* TASK DESCRIPTION *
Output only the lines below that start at the line containing "Vastramay Men Leaf" and end at the line containing "25P Romanian women: Georgina", with both ends kept.

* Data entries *
☆ ☆ ☆ ☆ ☆

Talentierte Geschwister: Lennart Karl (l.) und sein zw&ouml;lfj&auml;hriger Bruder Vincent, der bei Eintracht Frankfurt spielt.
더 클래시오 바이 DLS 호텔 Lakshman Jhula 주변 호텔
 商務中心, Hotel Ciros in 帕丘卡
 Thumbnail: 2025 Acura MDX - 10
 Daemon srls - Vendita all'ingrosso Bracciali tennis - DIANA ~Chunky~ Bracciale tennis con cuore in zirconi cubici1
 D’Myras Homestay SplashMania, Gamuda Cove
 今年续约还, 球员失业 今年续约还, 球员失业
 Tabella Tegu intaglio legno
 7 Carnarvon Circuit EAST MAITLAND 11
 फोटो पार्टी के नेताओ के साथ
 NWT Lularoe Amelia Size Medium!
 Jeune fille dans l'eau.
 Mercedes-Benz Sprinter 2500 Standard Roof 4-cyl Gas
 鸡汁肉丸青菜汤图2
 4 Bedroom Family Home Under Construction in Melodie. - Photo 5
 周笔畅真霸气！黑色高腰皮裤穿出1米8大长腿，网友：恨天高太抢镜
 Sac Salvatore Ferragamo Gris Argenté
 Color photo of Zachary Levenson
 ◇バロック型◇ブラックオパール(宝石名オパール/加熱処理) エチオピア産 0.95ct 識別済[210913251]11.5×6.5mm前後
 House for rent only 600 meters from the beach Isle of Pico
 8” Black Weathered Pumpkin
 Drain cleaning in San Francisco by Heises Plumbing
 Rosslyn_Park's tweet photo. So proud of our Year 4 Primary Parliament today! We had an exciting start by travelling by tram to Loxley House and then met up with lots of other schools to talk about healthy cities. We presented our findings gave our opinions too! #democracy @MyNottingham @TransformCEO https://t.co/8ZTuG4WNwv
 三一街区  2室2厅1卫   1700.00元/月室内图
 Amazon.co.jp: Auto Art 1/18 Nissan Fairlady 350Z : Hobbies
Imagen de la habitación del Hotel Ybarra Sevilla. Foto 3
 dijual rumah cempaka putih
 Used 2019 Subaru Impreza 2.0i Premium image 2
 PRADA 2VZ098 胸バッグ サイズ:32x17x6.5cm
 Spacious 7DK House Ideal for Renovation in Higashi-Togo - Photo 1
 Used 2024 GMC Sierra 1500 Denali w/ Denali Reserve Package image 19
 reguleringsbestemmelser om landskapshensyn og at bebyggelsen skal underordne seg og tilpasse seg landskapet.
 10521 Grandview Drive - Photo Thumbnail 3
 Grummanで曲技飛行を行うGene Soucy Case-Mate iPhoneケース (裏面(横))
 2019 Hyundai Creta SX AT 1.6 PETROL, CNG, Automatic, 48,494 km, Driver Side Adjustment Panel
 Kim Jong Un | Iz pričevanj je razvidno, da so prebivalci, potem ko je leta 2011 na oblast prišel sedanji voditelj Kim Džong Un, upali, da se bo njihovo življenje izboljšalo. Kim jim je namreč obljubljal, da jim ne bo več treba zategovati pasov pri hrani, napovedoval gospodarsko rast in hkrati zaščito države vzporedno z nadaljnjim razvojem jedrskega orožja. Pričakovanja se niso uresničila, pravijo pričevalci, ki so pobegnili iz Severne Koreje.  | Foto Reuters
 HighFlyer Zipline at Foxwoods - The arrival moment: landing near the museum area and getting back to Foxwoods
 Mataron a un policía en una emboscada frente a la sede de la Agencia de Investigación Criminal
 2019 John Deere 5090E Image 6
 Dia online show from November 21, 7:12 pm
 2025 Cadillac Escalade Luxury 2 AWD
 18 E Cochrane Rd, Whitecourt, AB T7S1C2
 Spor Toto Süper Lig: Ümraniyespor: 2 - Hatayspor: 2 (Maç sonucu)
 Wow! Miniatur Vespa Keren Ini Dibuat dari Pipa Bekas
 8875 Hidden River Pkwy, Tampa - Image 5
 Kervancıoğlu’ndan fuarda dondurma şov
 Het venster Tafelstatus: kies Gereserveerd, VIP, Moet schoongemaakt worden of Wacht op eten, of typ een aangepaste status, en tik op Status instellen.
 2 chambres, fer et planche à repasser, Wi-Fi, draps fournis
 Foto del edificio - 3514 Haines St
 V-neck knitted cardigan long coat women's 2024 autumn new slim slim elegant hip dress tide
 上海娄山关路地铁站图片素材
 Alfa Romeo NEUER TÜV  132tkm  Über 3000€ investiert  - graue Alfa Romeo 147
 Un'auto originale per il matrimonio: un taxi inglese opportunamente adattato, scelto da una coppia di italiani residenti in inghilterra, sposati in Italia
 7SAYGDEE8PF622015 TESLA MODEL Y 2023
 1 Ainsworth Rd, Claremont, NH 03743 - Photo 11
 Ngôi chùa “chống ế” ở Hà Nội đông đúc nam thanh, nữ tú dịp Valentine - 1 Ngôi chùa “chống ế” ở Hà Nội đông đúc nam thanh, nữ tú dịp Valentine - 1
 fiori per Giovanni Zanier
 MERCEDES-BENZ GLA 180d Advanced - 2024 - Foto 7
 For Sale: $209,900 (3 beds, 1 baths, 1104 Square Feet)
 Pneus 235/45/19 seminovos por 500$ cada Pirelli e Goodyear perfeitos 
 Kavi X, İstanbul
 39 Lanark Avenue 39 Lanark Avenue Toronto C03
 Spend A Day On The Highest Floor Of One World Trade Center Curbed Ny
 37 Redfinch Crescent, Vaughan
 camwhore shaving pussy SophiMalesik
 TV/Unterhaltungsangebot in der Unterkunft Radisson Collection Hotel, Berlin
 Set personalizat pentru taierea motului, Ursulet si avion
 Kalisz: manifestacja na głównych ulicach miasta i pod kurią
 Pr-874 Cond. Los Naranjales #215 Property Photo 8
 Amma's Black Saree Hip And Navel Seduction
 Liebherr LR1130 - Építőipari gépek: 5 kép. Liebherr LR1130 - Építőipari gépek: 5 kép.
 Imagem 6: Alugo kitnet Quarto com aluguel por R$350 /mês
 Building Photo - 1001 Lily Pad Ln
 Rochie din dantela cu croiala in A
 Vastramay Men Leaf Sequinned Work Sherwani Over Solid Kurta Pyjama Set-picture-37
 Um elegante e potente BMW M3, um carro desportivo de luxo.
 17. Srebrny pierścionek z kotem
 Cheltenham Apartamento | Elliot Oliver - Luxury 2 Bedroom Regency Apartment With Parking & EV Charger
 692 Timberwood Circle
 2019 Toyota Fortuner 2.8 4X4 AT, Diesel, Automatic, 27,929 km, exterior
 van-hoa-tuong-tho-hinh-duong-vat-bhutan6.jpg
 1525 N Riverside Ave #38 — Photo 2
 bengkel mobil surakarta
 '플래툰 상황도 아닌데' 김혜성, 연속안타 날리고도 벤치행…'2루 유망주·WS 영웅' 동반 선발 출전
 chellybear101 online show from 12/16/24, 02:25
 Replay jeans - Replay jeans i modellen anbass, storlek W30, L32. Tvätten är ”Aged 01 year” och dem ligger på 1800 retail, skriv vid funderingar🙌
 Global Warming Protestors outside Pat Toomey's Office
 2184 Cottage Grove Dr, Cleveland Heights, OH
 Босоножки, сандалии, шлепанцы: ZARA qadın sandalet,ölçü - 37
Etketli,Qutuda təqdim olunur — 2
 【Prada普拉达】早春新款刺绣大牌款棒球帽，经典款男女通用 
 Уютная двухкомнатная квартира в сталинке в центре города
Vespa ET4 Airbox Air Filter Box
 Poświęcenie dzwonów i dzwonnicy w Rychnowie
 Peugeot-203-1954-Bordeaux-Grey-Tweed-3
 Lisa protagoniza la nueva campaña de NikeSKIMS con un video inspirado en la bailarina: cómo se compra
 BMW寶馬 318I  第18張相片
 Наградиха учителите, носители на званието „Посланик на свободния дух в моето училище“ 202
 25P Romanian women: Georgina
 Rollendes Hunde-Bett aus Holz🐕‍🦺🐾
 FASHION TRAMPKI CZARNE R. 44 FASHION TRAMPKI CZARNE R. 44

☆ ☆ ☆ ☆ ☆

* REPLY TO THE TASK *
 Vastramay Men Leaf Sequinned Work Sherwani Over Solid Kurta Pyjama Set-picture-37
 Um elegante e potente BMW M3, um carro desportivo de luxo.
 17. Srebrny pierścionek z kotem
 Cheltenham Apartamento | Elliot Oliver - Luxury 2 Bedroom Regency Apartment With Parking & EV Charger
 692 Timberwood Circle
 2019 Toyota Fortuner 2.8 4X4 AT, Diesel, Automatic, 27,929 km, exterior
 van-hoa-tuong-tho-hinh-duong-vat-bhutan6.jpg
 1525 N Riverside Ave #38 — Photo 2
 bengkel mobil surakarta
 '플래툰 상황도 아닌데' 김혜성, 연속안타 날리고도 벤치행…'2루 유망주·WS 영웅' 동반 선발 출전
 chellybear101 online show from 12/16/24, 02:25
 Replay jeans - Replay jeans i modellen anbass, storlek W30, L32. Tvätten är ”Aged 01 year” och dem ligger på 1800 retail, skriv vid funderingar🙌
 Global Warming Protestors outside Pat Toomey's Office
 2184 Cottage Grove Dr, Cleveland Heights, OH
 Босоножки, сандалии, шлепанцы: ZARA qadın sandalet,ölçü - 37
Etketli,Qutuda təqdim olunur — 2
 【Prada普拉达】早春新款刺绣大牌款棒球帽，经典款男女通用 
 Уютная двухкомнатная квартира в сталинке в центре города
Vespa ET4 Airbox Air Filter Box
 Poświęcenie dzwonów i dzwonnicy w Rychnowie
 Peugeot-203-1954-Bordeaux-Grey-Tweed-3
 Lisa protagoniza la nueva campaña de NikeSKIMS con un video inspirado en la bailarina: cómo se compra
 BMW寶馬 318I  第18張相片
 Наградиха учителите, носители на званието „Посланик на свободния дух в моето училище“ 202
 25P Romanian women: Georgina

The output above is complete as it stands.